In a decision released last week, the U.S. Department of Commerce ruled New Brunswick assesses forest properties for taxes too low at $100 per hectare but not low enough to trigger extra duties on forest products.

In a report by CBC News, Mike Legere of Forest NB, an association of provincial forest companies, welcomed the news.

“It’s another allegation we’ve been able to refute the same as we’re going to continue to try and refute the other allegations of subsidy in New Brunswick,” said Legere.

New Brunswick has assessed and taxed private timberland to be worth $100 per hectare since 1994, well below what the properties routinely sell for on the open market.

A collection of U.S. lumber companies has been arguing the tax treatment is a clear government benefit to private owners of timberland and wanted duties assessed on forest products entering the United States from New Brunswick because of it.

New Brunswick has assessed and taxed private timberland to be worth $100 per hectare since 1994. (CBC)

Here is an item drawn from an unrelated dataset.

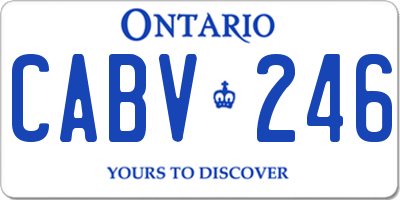 ON license plate CABV246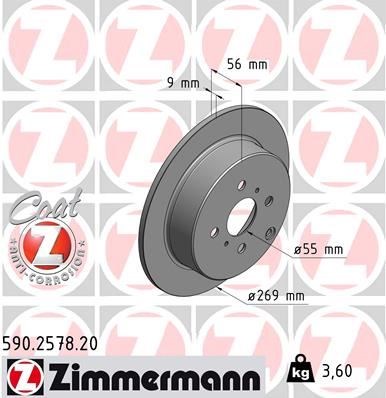 Toyota Yaris Arka Fren Diski Dolu Tip 269mm ZIMMERMANN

The case being considered in Washington was narrowly focused on North American Forest Products (NAFP) of Saint-Quentin, but it was feared an adverse ruling in the case would quickly engulf all New Brunswick forest companies and private owners of timberland.

In its decision, the Commerce Department agreed New Brunswick forest properties are worth several hundred dollars per hectare more than they are assessed and taxed for but accepted an argument from the province and NAFP that most of that value is in the trees.

New Brunswick does not count the value of crops when it assesses farmland and argued the same principle should apply to the forests, a position the Commerce Department eventually adopted.

“We agree with the GNB’s [Government of New Brunswick] and NAFP’s argument,” the decision explained. “We have calculated an average value of timberland property in New Brunswick exclusive of the value of standing timber.”